On Thursday, Russian President Boris Yeltsin's spokesman Sergey Yastrzhembsky described the Latvian action as "a blatant violation of elementary human rights" and said that there "can be no talk" now about setting a date for a meeting between Yeltsin and Latvian President Guntis Ulmanis.
Also on Thursday, foreign ministry spokesman Gennady Tarasov called for international pressure on Latvia to change its approach to ethnic Russians more generally. And some 60 people gathered in front of the Latvian embassy in Moscow to protest Riga's policy.
On Friday, Prime Minister Viktor Chernomyrdin said he was "indignant" at Latvia's behavior for which he said there could be "no justification." And the Russian Duma called on Yeltsin to take firm steps, including economic sanctions and political reprisals, to force Riga to change its policies.
And finally on Saturday, Yastrzhemsky told Moscow's Ekho Moskvy radio that Yeltsin's advisors now favor imposing economic sanctions on Latvia, thus setting the stage for a further escalation of this crisis.
In the course of the week, Latvian officials continued to deny that the police had acted illegally and suggested instead that the Russian authorities were acting on the basis of insufficient information.
On Saturday, to give but one example, Latvian Prime Minister Guntars Krasts repeated that the police had acted "very correctly" and that they had not violated anyone's human rights.
Regardless of what happens next in this crisis, the events of the past week already point to three conclusions.
First, relations between Russia and the Baltic states remain far more finely balanced than many on both sides had believed and can be shifted by a single incident.
Prior to the events of last Tuesday, relations between Russia and Latvia in fact had been on the upswing.
As recently as February 19, a Latvian government spokesman said Yeltsin had sent Latvian President Guntis Ulmanis which he characterized as "hopeful and positive" about relations between the two countries.
Second, many in the Russian government believe that they can play the ethnic card against Latvia and its neighbor Estonia because neither country gave automatic citizenship to all residents at the time that they recovered independence.
Instead, these two countries required a naturalization process for all those who moved onto their territories while they were under Soviet occupation.

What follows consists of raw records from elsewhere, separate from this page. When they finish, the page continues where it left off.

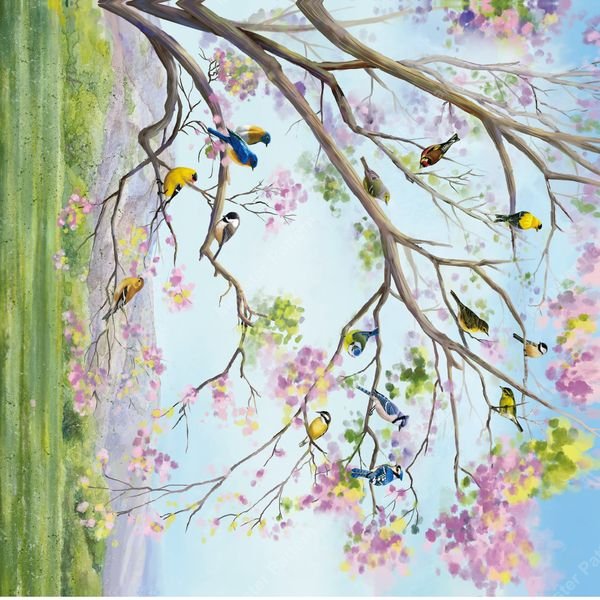 Birds on Flowering Branches — original textile pattern for floral licensing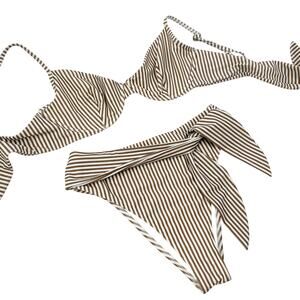 Abercrombie & fitch brown striped high waisted bikini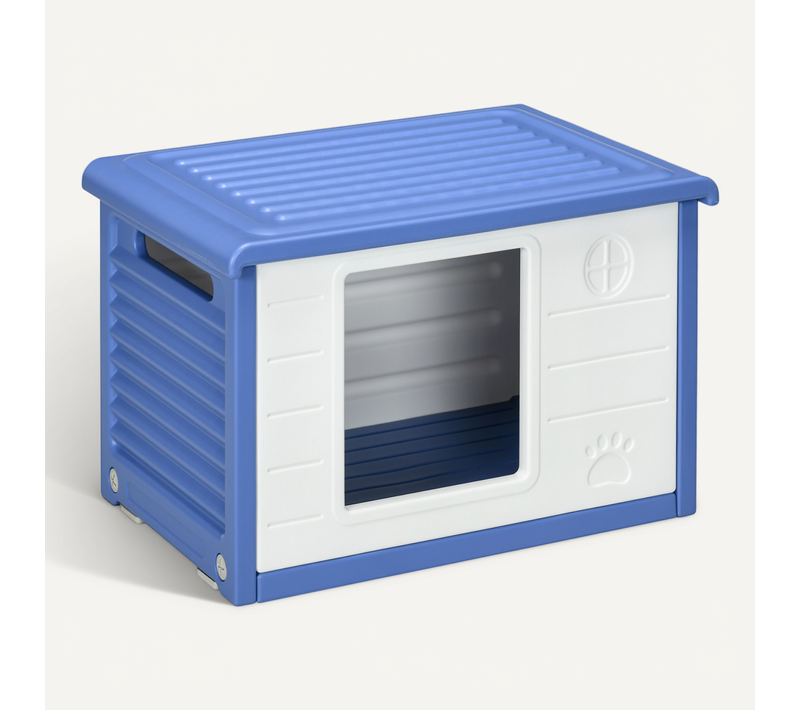 Niche Pour Chien Design - Dim. 60l X 42l X 40hcm - Pe Bleu Blanc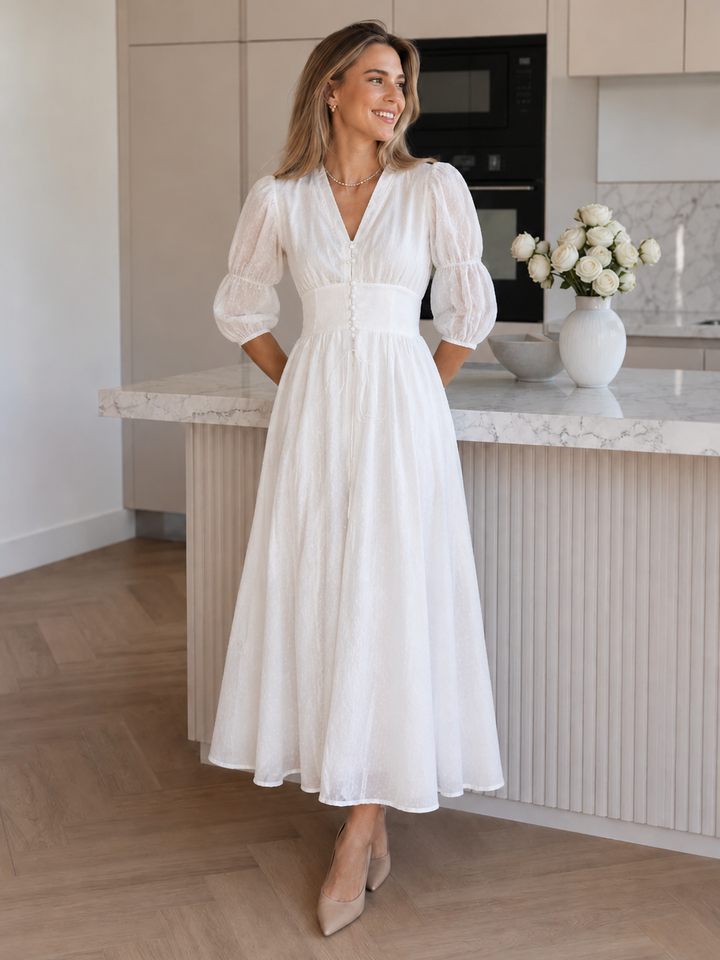 Okea | Short Puff Sleeve Waist Tie Midi Dress
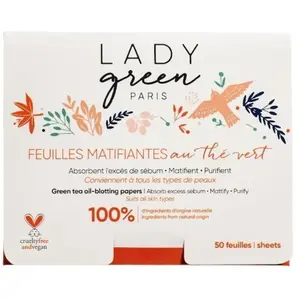Lady Green Feuilles Matifiantes au Thé Vert 50 unités pas cher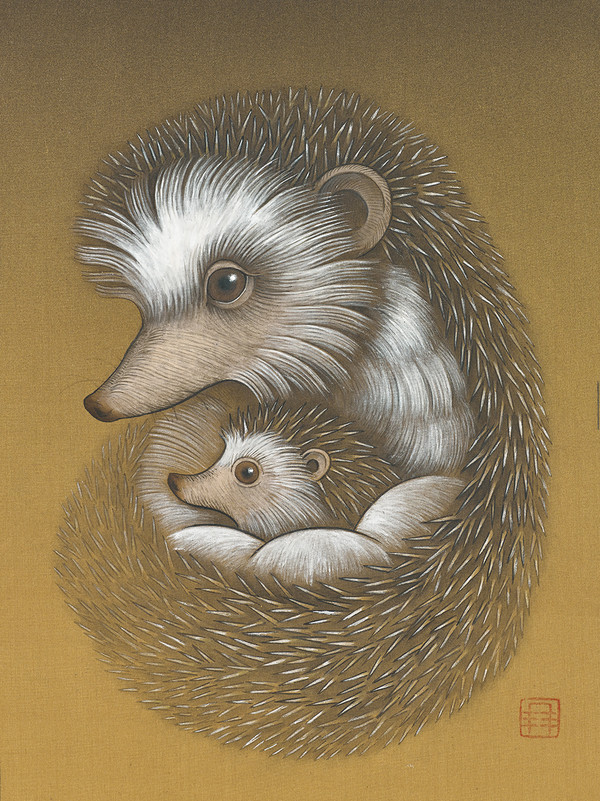 김봉경, 모정(母情)11 (2022), 29x21.5cm, 비단에 채색. (출처=갤러리그림손)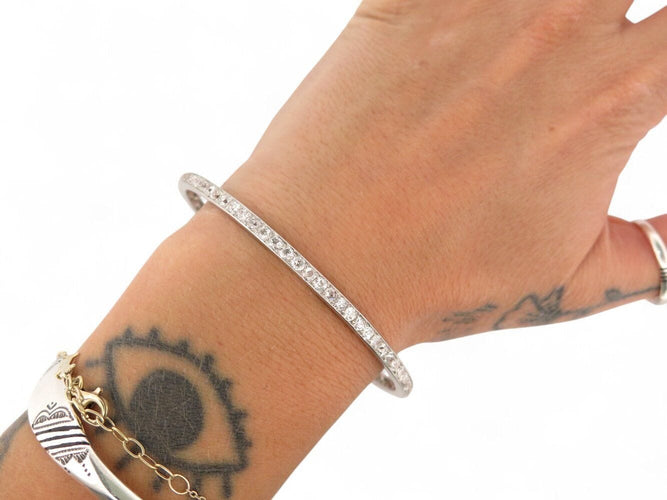 Bracelet bracelet jonc serti complet 78 diamants 3.8ct platine 850 25.3gr 58 Facettes 268460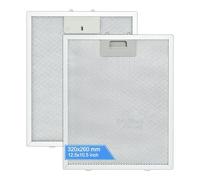 Filtro de aluminio de 5 capas para campana de cocina, 2 piezas, filtro antigrasa de metal, 320 x 260 mm, filtro universal para campana de cocina adecuado para muchas marcas líderes de campanas de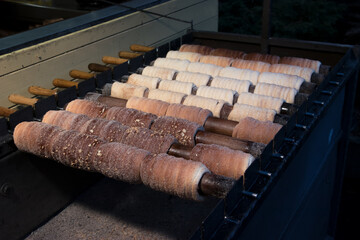 Traditional Czech Trdelnik on showcase in Karlovy Vary
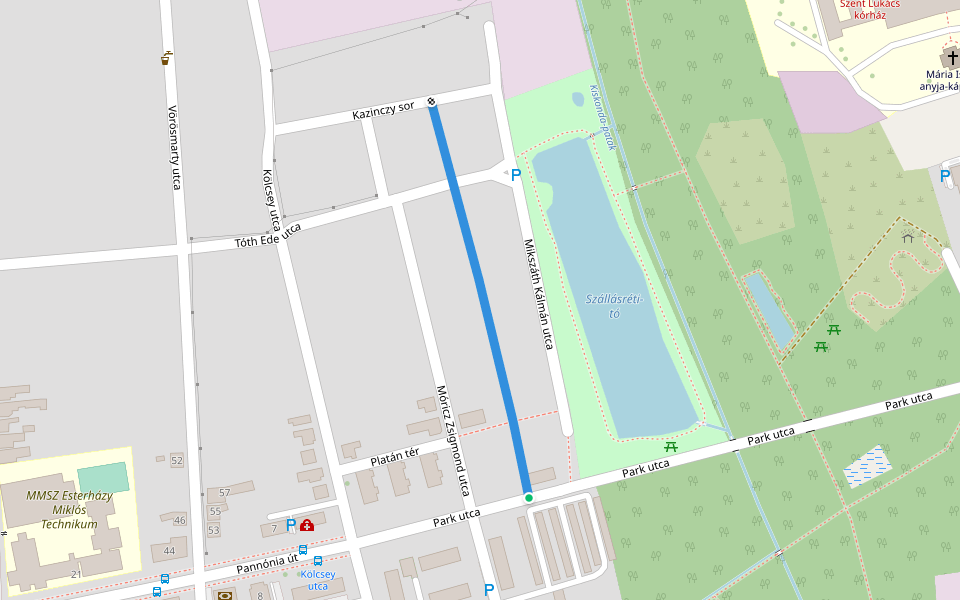 Mikszáth Kálmán utca walking route map in Dombóvár
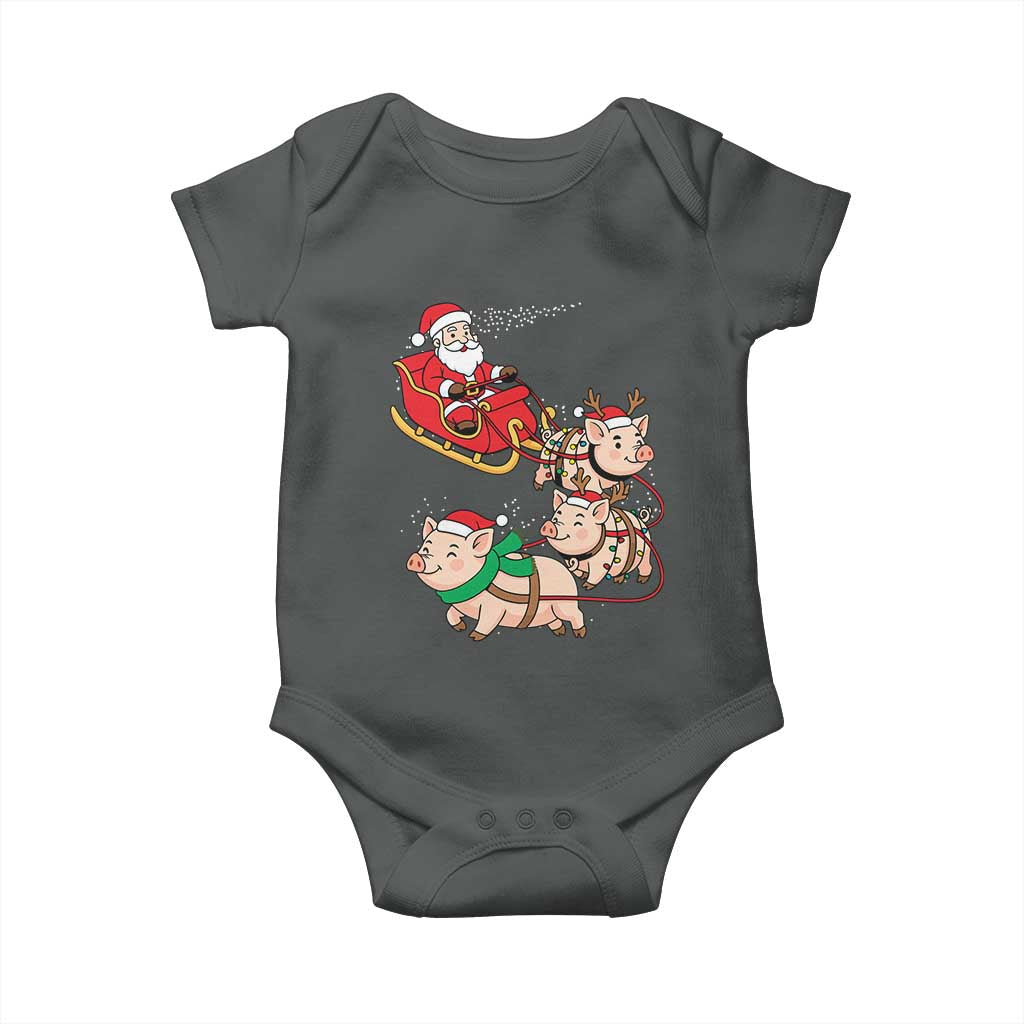 Santa Pig Sleigh Crew Baby Onesie Funny Christmas Pig Lover Gift TS12 Dark Heather Print Your Wear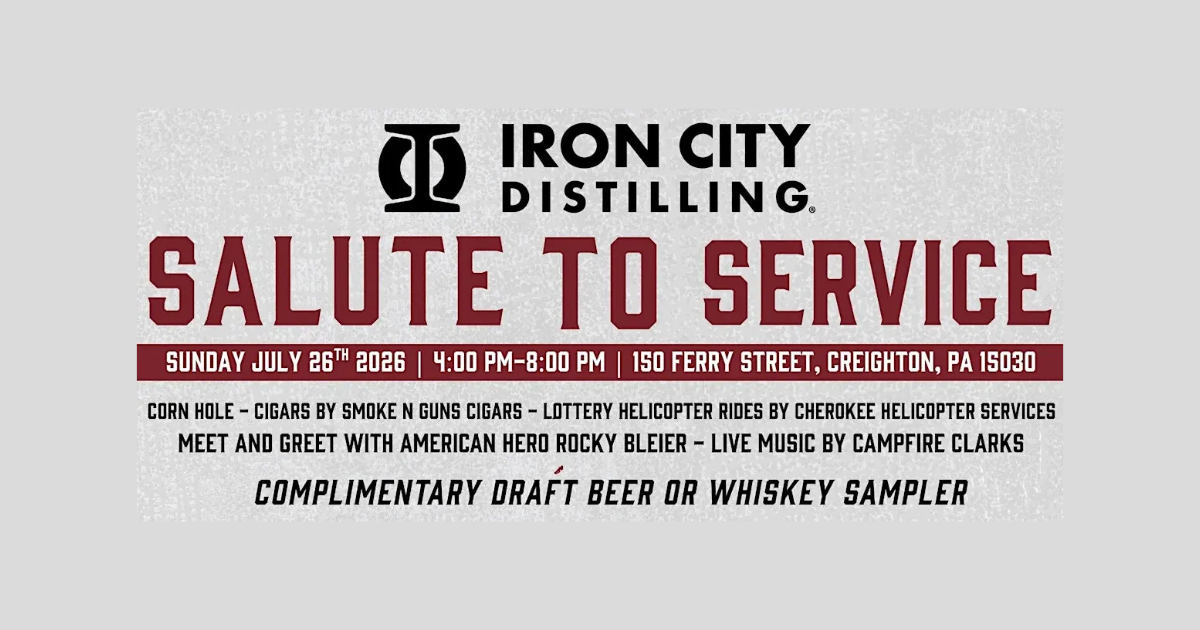 Salute to Service at Iron City Distilling. Sunday, July 26, 2026. Meet American Hero Rocky Bleier. Free Complimentary Beer or Whiskey Sampler.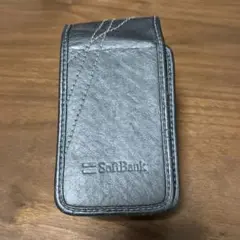 SofBank ブラックレザー手帳型ケース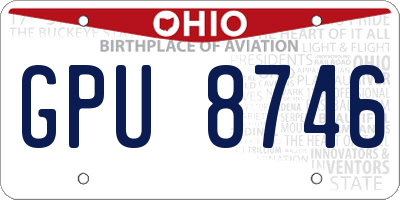 OH license plate GPU8746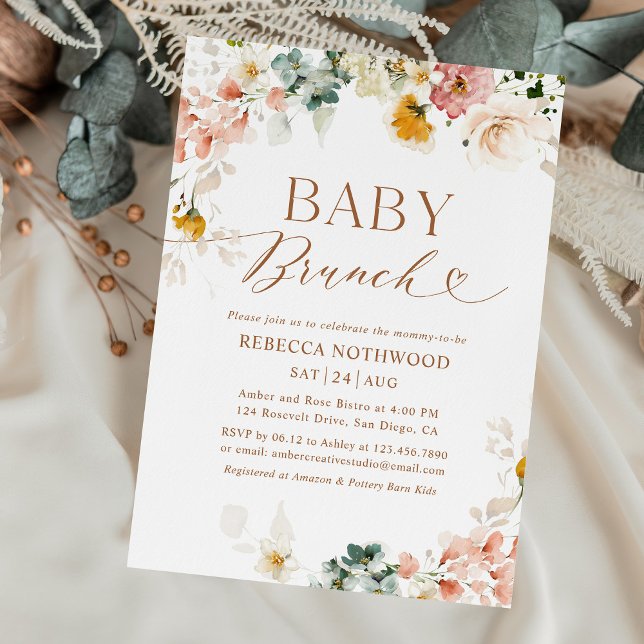 Elegant Rustic Blommigt Baby Brunch Inbjudningar (Skapare uppladdad)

Although consistent with international law as any number of authorities have concluded, their decision to do so has offended many in Russia and left them on occasion vulnerable to criticism from abroad.
Indeed, since 1992, Moscow has routinely sought to enlist Western support against these two states on this issue and, failing that, to isolate Latvia and Estonia from their Western partners by appealing to human rights concerns among Western populations.
And third, and perhaps most disturbing, at least some in the Russian government appear to be willing to exploit such situations to generate support for themselves.
Given recent polls which suggest that many Russians dislike or are indifferent to the current Russian government, some officials there may have concluded that the exacerbation of relations between Moscow and her neighbors could serve their personal interests.
To the extent they have, protests from Moscow over the status and treatment of ethnic Russians outside the Russian Federation may soon be directed at other countries as well.